| DATA FOR THE TASK |
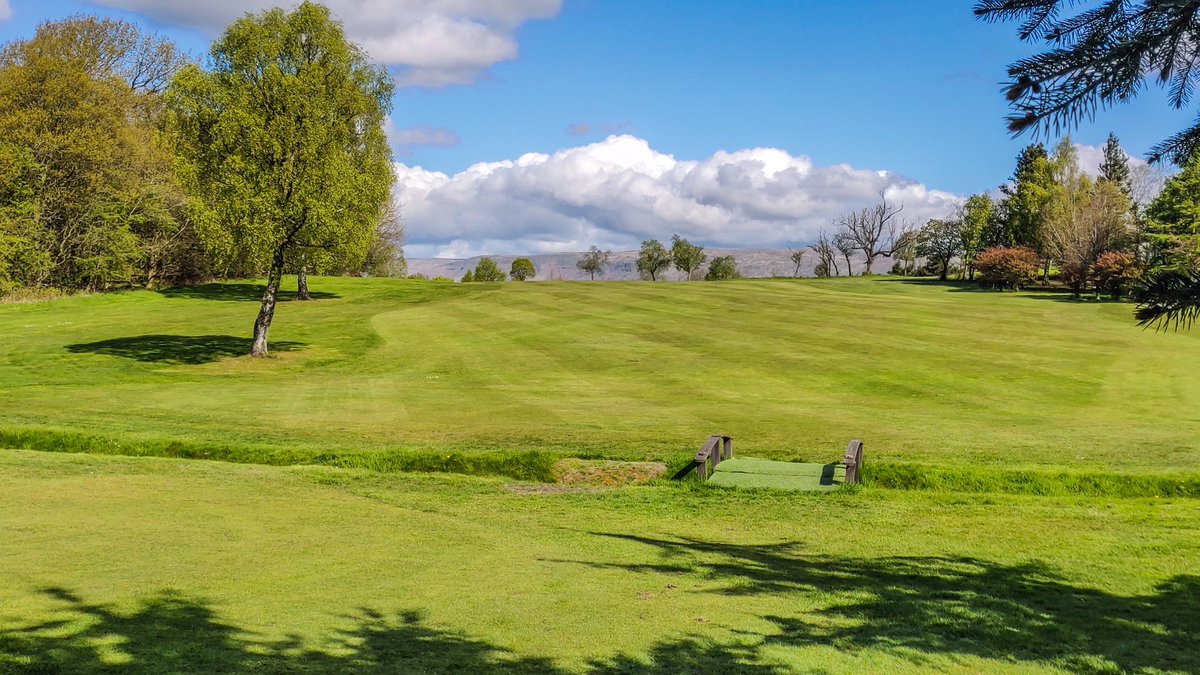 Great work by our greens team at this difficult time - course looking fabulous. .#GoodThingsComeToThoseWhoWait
---
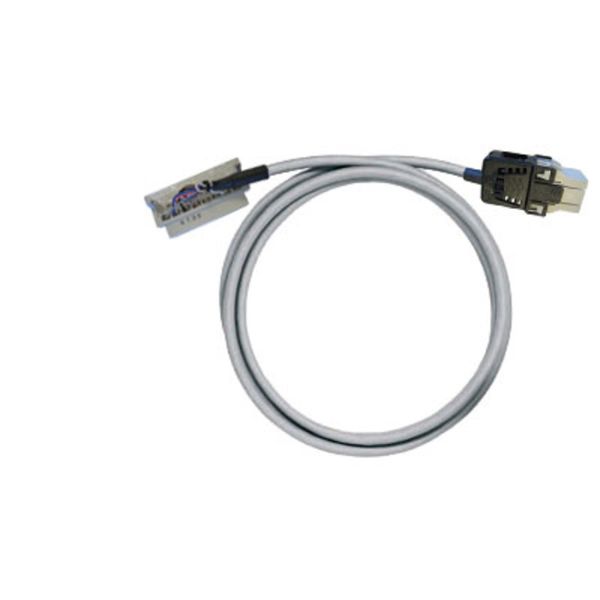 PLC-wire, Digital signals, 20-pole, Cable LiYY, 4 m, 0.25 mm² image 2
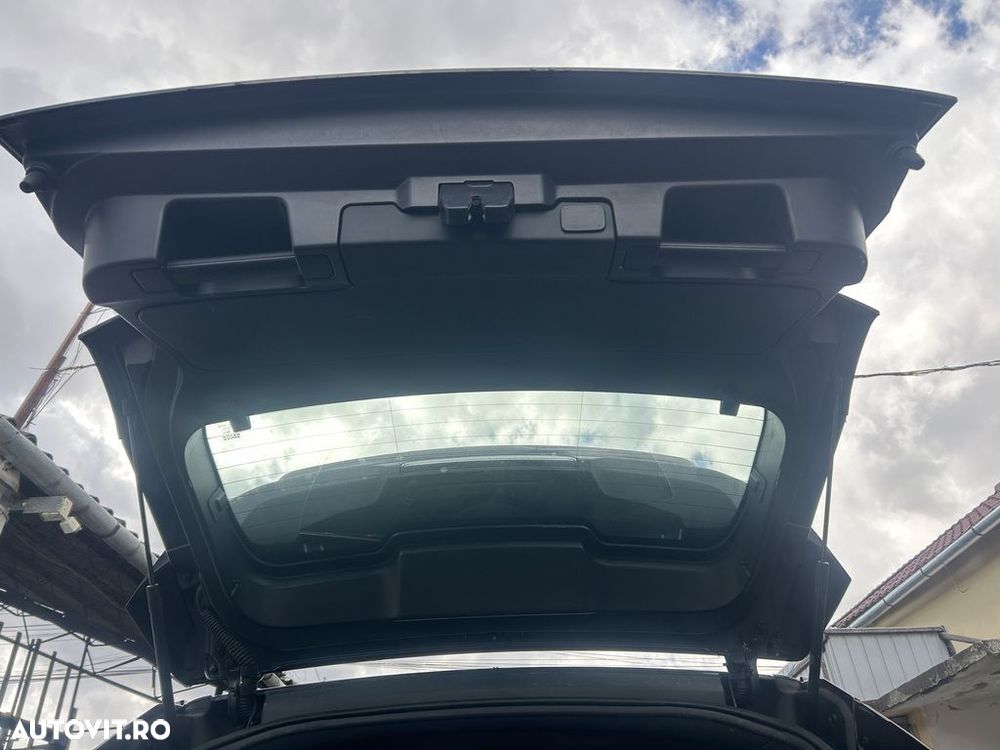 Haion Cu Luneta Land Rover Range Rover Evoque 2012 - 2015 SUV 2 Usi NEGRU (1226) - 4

| WHAT IS EXPECTED |
Go back to the listing above and reproduce, exactly, the stretch from the line bearing "PLC-wire, Digital signals, 20-pole, Cable" through the line bearing "Haion Cu Luneta", without its pictures.

| EXERCISE RESULT |
 PLC-wire, Digital signals, 20-pole, Cable LiYY, 4 m, 0.25 mm² image 2
 Haion Cu Luneta Land Rover Range Rover Evoque 2012 - 2015 SUV 2 Usi NEGRU (1226) - 4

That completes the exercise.